=== MATERIALS PROVIDED ===

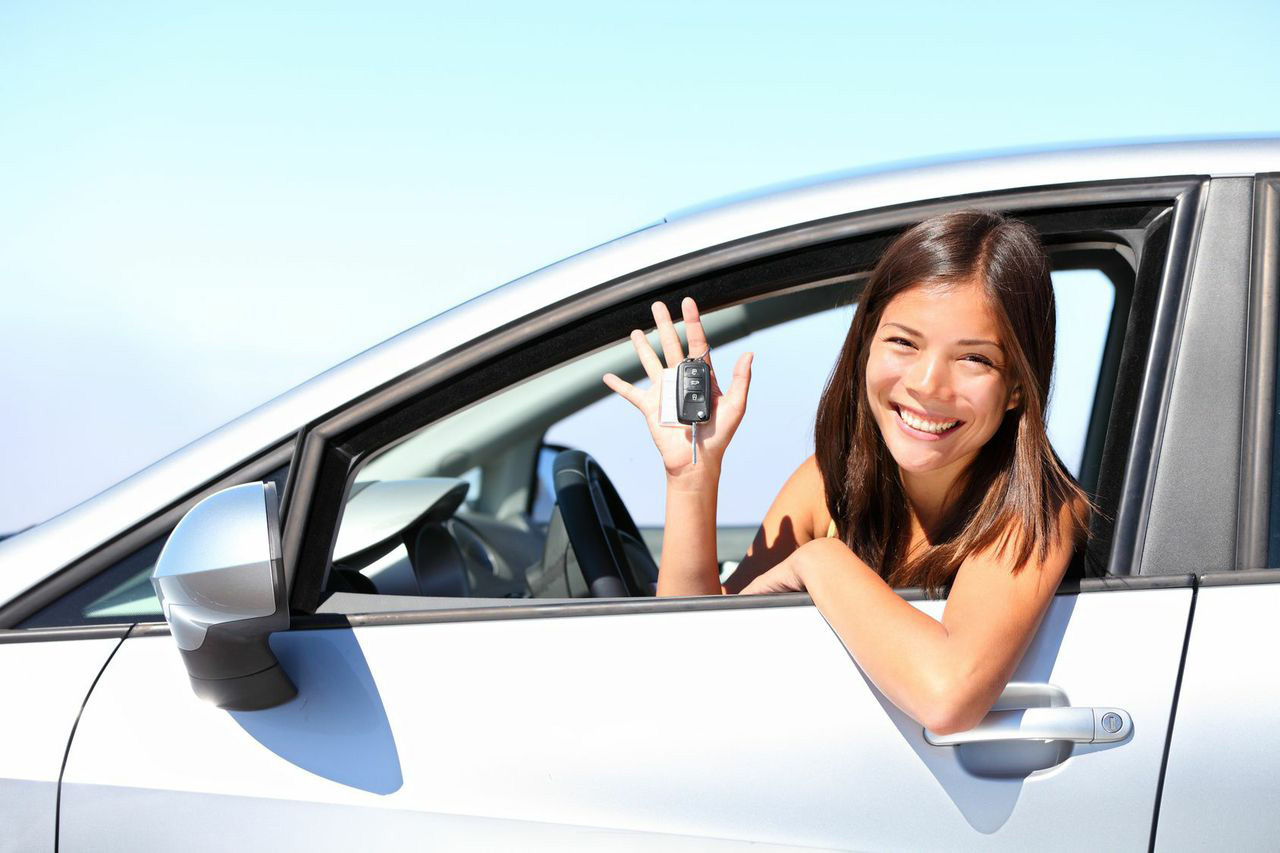 Tips to Secure Affordable Auto Insurance for College Students in Antioch, CA!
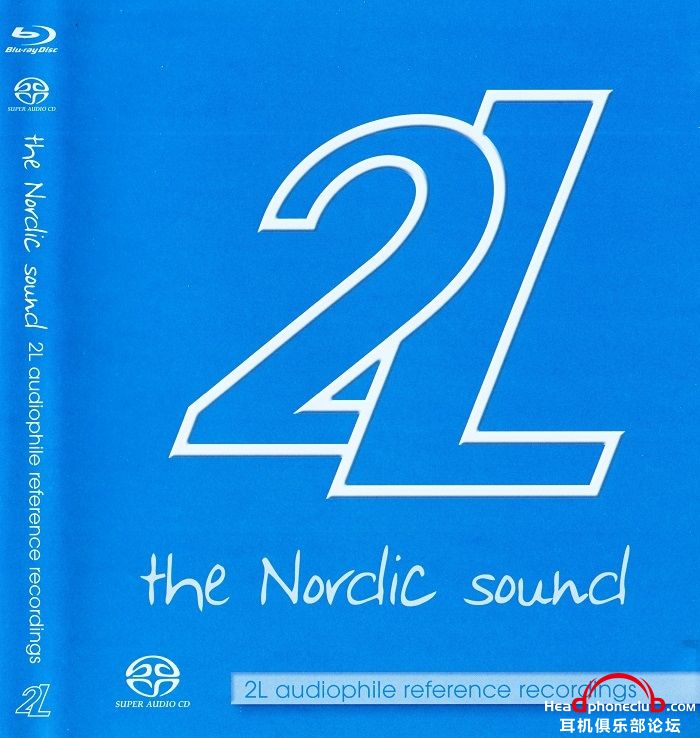 2L Artists - 2L Audiophile Reference Recordings [SACD ISO] Front_S.jpg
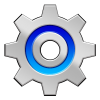 quick settings free App by Adcoms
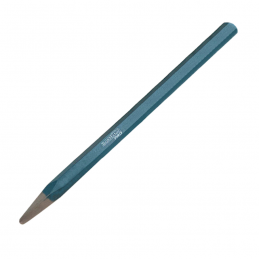 Βελόνι 16x250mm BORMANN PRO BHT8000 056614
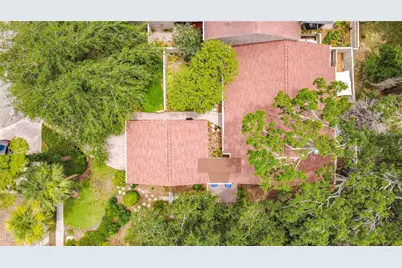 111 Juniper Lane, Longwood, FL 32779 - Photo 52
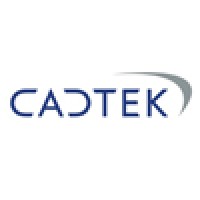 Cadtek Systems - Experts in 3D CAD and engineering technology
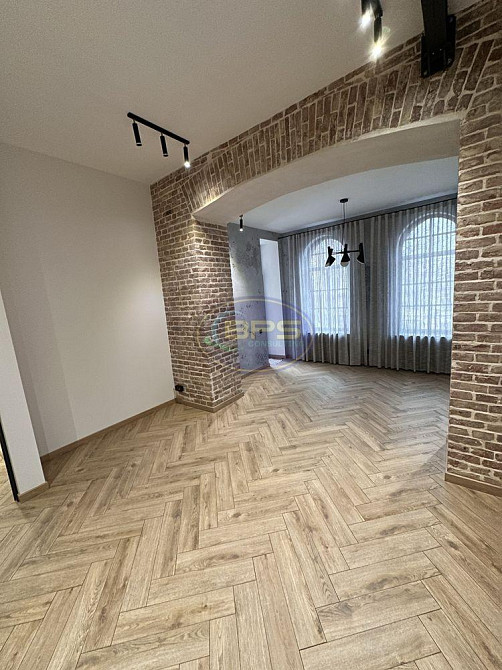 Оренда офісне приміщення Одеса - фото 13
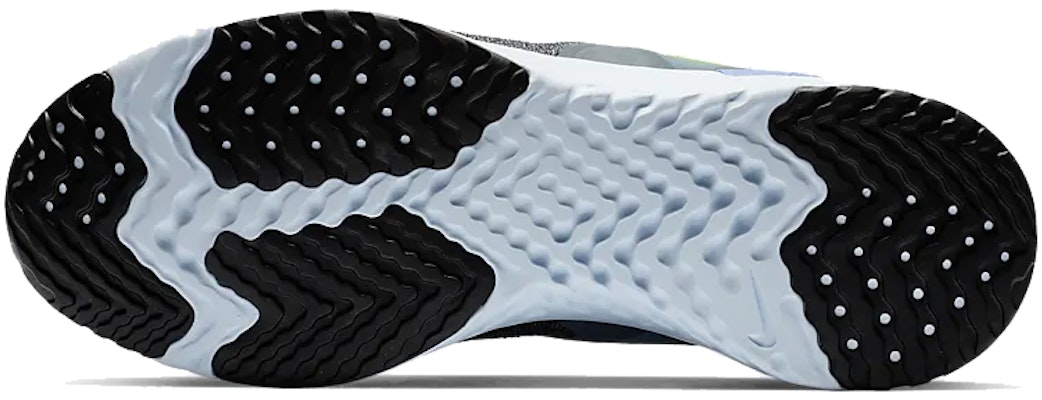 Nike Odyssey React Flyknit 2 'Biru Hidrogen' AH1015-401 Purchase Nike Odyssey React Flyknit 2 'Biru Hidrogen' AH1015-401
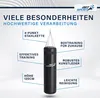ArtSport Boxsack Set 30 kg gefüllt, Box Set mit Produktbild-Vorschau 2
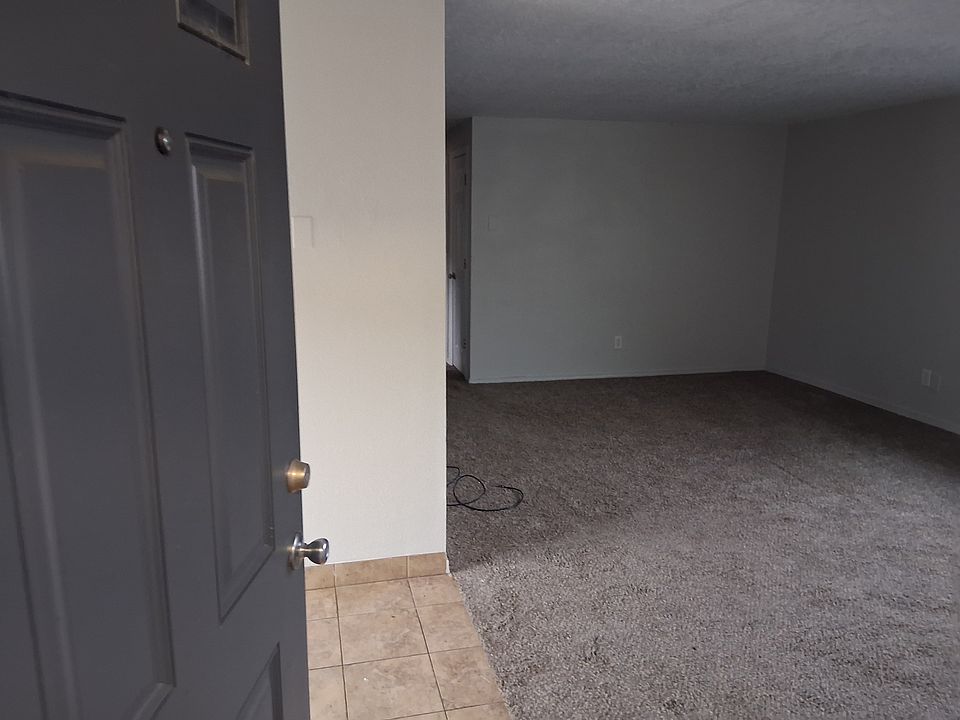 1st image of 4231 Ocean Beach Hwy APT 14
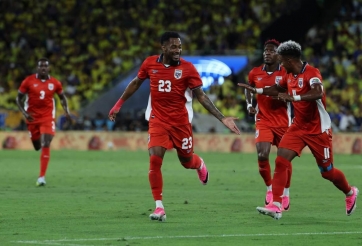 Nhận định Panama vs Bosnia & Herzegovina: Phép thử quan trọng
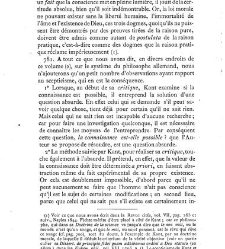 Éléments de la philosophie chrétienne comparée avec les doctrines des philosophes anciens et des philosophes modernes, par G. Sanseverino,..(1875) document 133795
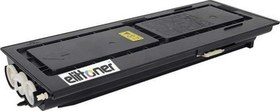 Resim Elittoner Kyocera TK-435, TASKalfa 180, 181, 220, 221 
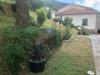 Villa in vendita con giardino a Massa - 02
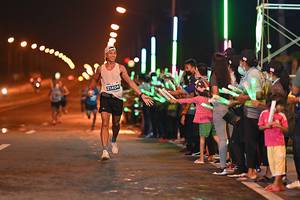 BIB: 71404
                            <button type="button" onclick="openModal(14609643)" class="btn btn-primary btn-sm float-right btn-popup" data-toggle="modal" data-target=".modal-high-quality">
                        <i class="fas fa-shopping-cart"></i> Add to Cart
                    </button>
                                            <button type="button" onclick="isThisMe(14609643, true)" class="btn btn-success btn-sm float-right btn-popup btn-isme hidden" data-toggle="tooltip" data-placement="bottom" title="นี่คือรูปของคุณใช่ไหม คลิกที่นี่เพื่อเอาเข้าอัลบั้ม">
                        <i class="fas fa-plus"></i> Add to album
                    </button>
                    <button type="button" onclick="isThisMe(14609643, false)" class="btn btn-warning btn-sm float-right btn-popup btn-isnotme hidden">
                        <i class="fas fa-ban"></i> Remove from album
                    </button>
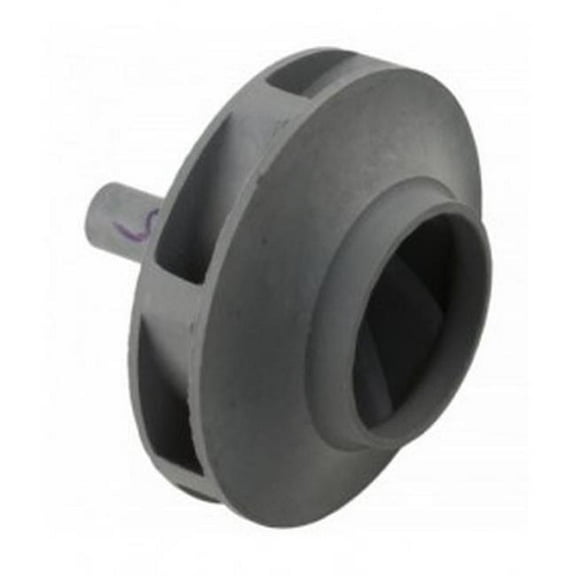 Balboa 15-0060B-K 3HP Ultimax Pump Impeller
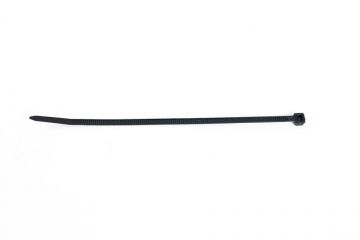 Cable Ties 145x3.5mm - 25 pack
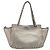 Valentino Borsa Tote in pelle 2 in 1 oro Auth BA10421 D'oro - vista 2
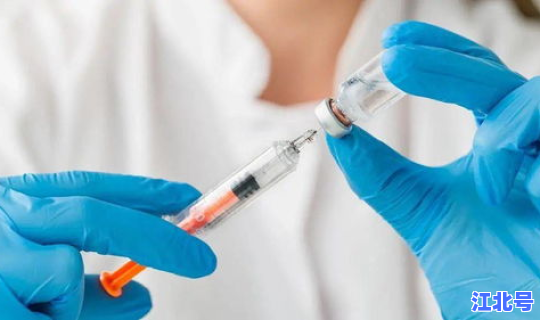 新冠病毒会不会与人类共存起来，人类要与新冠共存吗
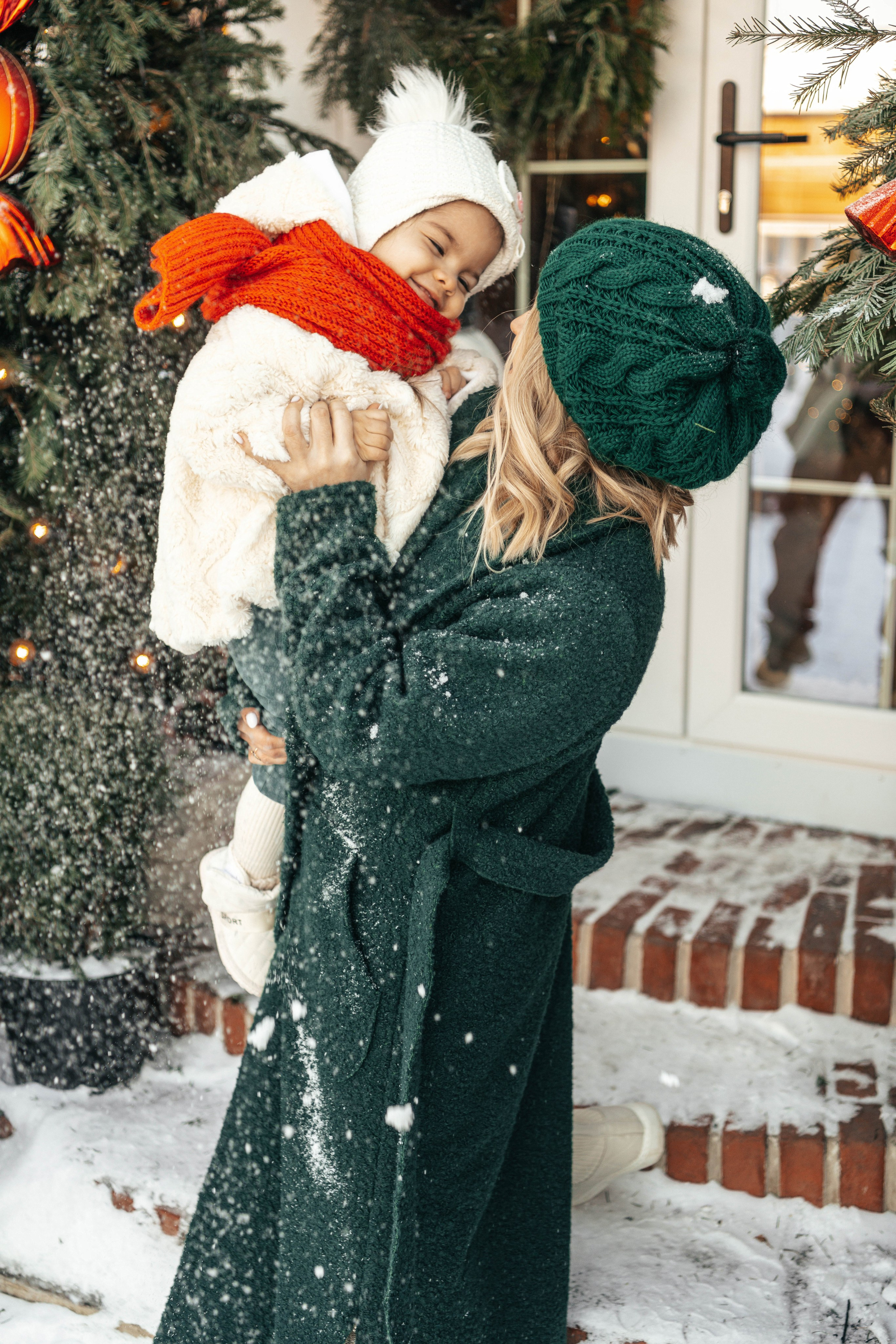 Новогодняя фотосессия уфа. Свадебный и семейный фотограф в Уфе | Винс Константин | Фотопроекты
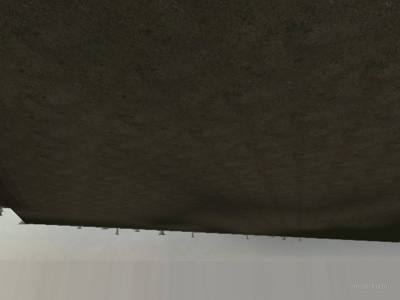 de_farm_alpha thumb 8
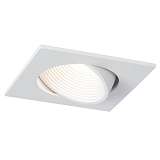 Светильник Paulmann 92750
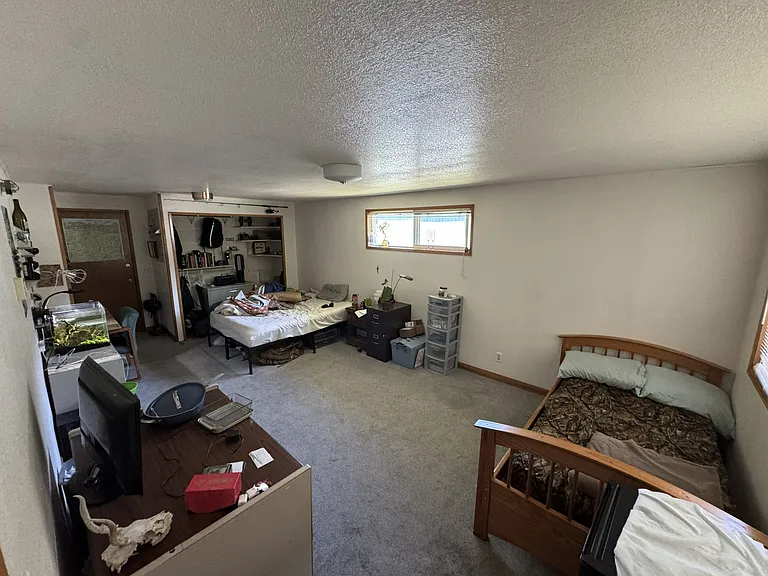 1720 NE Wheatland Dr — Photo 10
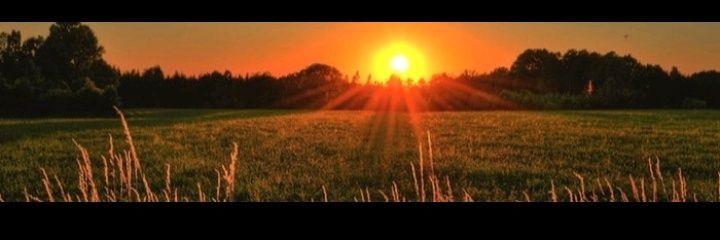 kevanmullah's profile banner image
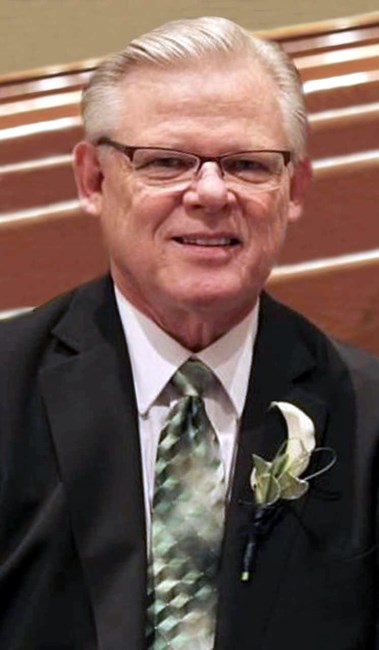 Obituary of Andrew J Weissmann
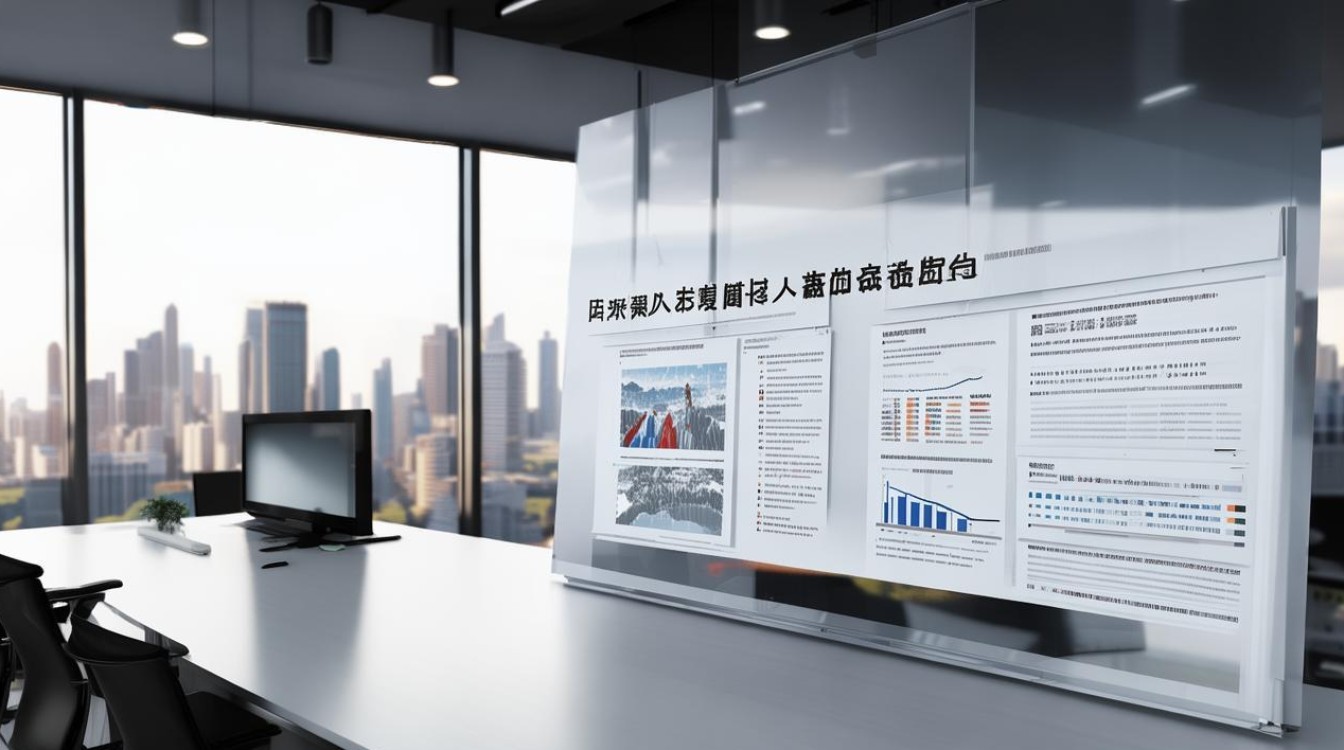 渭南环保行业招聘需求大吗？最新就业趋势解析-图4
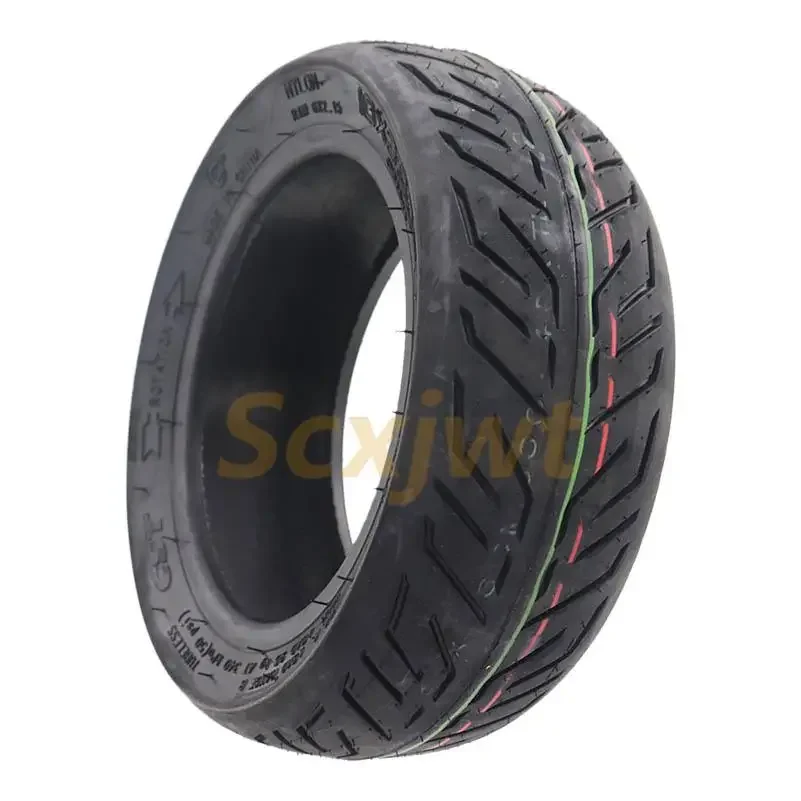 Size 10x3.00-6 Inch Vacuum Tire Tubeless For Electric Scooter 10 Inch Wheel Accessories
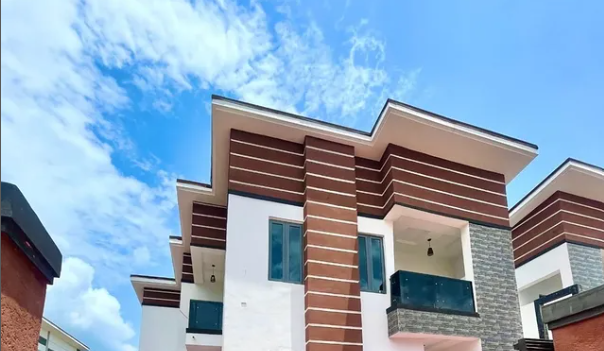 screenshot 2025 10 11 064045 screenshot 2025 10 11 064045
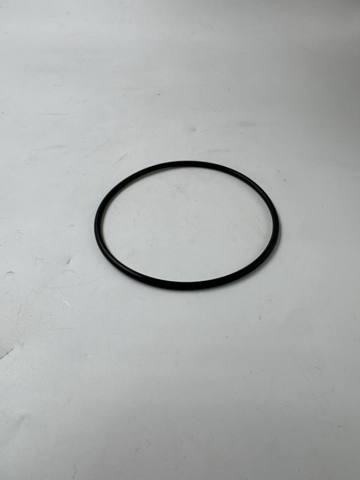 Anillo de sellado del filtro de transmisión automática Q-fix Q3031008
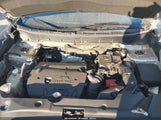 Mitsubishi Outlander Sport Le 4A4AR5AU5DE016852 снимка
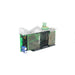 C image of CSH01.1C-PB-EN2-EN1-NNN-NN-S-NN-FW | Main (Front Left)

===

▶ [EXERCISE BRIEF]
What you write must match the listing exactly, from the line with "Villa in vendita con giardino a Massa - 02" up to and including the line with "Valentino Borsa Tote". Pictures stay out.

▶ [RESPONSE FOR THIS EXERCISE]
 Villa in vendita con giardino a Massa - 02
 BIB: 71404
                            <button type="button" onclick="openModal(14609643)" class="btn btn-primary btn-sm float-right btn-popup" data-toggle="modal" data-target=".modal-high-quality">
                        <i class="fas fa-shopping-cart"></i> Add to Cart
                    </button>
                                            <button type="button" onclick="isThisMe(14609643, true)" class="btn btn-success btn-sm float-right btn-popup btn-isme hidden" data-toggle="tooltip" data-placement="bottom" title="นี่คือรูปของคุณใช่ไหม คลิกที่นี่เพื่อเอาเข้าอัลบั้ม">
                        <i class="fas fa-plus"></i> Add to album
                    </button>
                    <button type="button" onclick="isThisMe(14609643, false)" class="btn btn-warning btn-sm float-right btn-popup btn-isnotme hidden">
                        <i class="fas fa-ban"></i> Remove from album
                    </button>
 Balboa 15-0060B-K 3HP Ultimax Pump Impeller
 Cable Ties 145x3.5mm - 25 pack
 Valentino Borsa Tote in pelle 2 in 1 oro Auth BA10421 D'oro - vista 2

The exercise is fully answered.